During this period there has been a continuing debate about the ultimate destiny of the satellite communications business and its role in the larger telecommunications industry.  The zeal of some satellite technologists to find a role for satellite communications in every telecommunications market segment and niche has resulted in significant business failures over the years.  At the same time the efforts of the satellite industry to provide new services to customers has pushed the entire telecommunications industry to advance its service capability.  The satellite industry has shown repeatedly that it has the desire to meet new customer requirements of any type at any location on the planet.

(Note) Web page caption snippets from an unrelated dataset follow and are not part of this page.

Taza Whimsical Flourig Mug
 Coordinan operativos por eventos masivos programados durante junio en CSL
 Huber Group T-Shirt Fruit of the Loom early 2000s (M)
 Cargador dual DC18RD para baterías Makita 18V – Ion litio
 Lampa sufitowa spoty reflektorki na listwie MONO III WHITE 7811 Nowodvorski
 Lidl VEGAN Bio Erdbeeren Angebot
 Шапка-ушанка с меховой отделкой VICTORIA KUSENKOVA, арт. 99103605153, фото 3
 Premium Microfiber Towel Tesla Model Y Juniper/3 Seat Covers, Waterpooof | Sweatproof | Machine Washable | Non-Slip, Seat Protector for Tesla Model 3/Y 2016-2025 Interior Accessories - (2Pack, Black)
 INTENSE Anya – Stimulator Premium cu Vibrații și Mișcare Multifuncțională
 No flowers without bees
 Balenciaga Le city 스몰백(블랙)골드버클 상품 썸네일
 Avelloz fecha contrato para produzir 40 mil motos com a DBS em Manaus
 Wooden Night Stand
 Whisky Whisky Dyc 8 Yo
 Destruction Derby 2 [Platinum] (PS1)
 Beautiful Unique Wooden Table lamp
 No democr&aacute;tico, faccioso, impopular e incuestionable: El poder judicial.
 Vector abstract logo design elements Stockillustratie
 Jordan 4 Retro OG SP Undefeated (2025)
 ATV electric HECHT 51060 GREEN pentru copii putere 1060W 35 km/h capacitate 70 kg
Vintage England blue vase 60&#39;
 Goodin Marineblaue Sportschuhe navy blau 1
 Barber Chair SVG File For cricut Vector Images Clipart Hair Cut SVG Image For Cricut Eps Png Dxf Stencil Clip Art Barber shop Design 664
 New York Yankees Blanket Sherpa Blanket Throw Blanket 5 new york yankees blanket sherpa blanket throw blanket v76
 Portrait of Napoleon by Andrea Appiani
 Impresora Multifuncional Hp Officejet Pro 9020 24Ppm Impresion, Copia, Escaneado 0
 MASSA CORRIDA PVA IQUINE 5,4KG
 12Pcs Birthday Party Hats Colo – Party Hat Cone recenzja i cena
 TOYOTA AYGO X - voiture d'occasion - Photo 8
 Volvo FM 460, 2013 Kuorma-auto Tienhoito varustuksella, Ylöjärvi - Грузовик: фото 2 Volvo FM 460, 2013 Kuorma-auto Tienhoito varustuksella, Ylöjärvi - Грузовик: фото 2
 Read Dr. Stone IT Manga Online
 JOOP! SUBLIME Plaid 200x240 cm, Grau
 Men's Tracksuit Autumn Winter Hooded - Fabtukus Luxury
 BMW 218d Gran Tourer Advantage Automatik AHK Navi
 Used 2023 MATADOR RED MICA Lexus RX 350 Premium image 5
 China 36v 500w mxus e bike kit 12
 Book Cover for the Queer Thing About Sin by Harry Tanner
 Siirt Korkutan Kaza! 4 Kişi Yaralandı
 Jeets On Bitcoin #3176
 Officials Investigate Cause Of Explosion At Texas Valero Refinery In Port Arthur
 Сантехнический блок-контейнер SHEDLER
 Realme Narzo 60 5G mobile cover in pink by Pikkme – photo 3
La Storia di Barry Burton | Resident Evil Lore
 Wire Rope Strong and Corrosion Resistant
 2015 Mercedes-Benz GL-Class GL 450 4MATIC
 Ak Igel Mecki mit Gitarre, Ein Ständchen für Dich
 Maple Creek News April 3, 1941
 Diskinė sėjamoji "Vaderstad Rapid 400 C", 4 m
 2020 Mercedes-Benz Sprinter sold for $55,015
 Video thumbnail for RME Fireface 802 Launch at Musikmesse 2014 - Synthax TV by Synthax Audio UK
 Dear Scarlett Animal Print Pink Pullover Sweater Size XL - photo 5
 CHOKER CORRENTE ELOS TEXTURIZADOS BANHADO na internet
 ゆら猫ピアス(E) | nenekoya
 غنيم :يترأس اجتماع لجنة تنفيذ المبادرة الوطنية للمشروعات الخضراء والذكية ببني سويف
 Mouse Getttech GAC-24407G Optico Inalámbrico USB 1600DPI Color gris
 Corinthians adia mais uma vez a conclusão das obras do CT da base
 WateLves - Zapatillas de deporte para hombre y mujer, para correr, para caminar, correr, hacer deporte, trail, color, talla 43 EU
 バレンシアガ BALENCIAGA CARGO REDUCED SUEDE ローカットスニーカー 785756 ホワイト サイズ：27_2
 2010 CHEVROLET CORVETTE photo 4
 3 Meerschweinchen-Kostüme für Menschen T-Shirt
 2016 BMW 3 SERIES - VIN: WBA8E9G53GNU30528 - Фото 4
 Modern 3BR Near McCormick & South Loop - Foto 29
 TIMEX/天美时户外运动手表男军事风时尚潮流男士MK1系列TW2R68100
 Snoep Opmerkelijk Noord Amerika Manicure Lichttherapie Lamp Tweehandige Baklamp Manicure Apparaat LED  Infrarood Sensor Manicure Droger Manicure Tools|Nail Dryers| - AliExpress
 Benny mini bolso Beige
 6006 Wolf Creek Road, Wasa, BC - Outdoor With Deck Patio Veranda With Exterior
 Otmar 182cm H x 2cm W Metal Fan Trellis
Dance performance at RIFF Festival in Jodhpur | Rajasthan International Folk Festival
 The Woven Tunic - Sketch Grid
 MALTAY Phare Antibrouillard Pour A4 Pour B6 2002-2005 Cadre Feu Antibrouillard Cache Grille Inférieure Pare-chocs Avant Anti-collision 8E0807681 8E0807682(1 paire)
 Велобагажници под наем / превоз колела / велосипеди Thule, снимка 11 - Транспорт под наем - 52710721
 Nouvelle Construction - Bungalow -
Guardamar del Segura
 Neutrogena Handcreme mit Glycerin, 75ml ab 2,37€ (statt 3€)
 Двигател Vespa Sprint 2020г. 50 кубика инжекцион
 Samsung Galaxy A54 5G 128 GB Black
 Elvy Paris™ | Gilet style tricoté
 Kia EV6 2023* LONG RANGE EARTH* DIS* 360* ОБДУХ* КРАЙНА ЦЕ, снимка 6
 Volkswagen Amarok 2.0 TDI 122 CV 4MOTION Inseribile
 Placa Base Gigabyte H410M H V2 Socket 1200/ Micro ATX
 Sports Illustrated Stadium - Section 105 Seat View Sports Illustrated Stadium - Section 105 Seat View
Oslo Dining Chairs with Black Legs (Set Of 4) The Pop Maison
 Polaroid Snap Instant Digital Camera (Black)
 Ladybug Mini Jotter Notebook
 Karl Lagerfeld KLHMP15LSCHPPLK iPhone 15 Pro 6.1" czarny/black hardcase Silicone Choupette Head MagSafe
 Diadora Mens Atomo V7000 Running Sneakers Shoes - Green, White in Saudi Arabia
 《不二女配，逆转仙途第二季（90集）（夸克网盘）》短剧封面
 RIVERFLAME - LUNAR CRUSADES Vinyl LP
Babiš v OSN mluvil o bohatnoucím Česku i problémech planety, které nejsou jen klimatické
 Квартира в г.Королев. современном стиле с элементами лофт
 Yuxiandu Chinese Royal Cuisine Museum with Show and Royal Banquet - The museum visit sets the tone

It is also clear that well managed satellite communications companies with a sound marketing strategies can among the most profitable telecommunications companies in the world from a return on revenue, return on investment or return on equity perspective.

 

As we look to the future we continue to see the satellite communications business dominated by its wide range of core broadcast services.  This group of services is where fundamental competitive advantage of the industry exists.  As other forms of telecom services expand throughout the world it will become more and more important for satellite companies to enhance the broadcast services they provide.  Streaming Internet and combinations of broadcast and Internet services are likely to be a very large part of the satellite communications business in the years ahead. 

 

Remote area communications is also a mainstay of the industry and we can expect continued reliance by users outside of mainstream developed areas to continue to desire the best of today’s communications capabilities delivered via satellite.  There are elements of the mobile user market that will never be well served by terrestrial based systems.  This class of users wants a full range of communications services available literally anywhere in the world from a single user terminal.

 

In the competition between satellite and terrestrial systems for more standard telecom oriented applications, satellite services will win its share if can differentiate its service from the terrestrial providers.  Continuing efforts to make satellite services seamless when interconnected to the global terrestrial network are required since virtually all satellite networks are simply part of a users larger multi-technology network.  The greater the broadcast content within the application, the more opportunities the satellite providers have to compete.  The next generation(s) of satellite ground equipment is the key to the differentiation that is required.

 

For more than twenty years the battle for customers has been fierce between the satellite services companies and the fiber optic network providers.  We should expect to see this competitive element of the Great Market Battle continue indefinitely into the future.  It will be driven by the ever changing and evolving needs of end users and the desire of all market participants to meet those needs.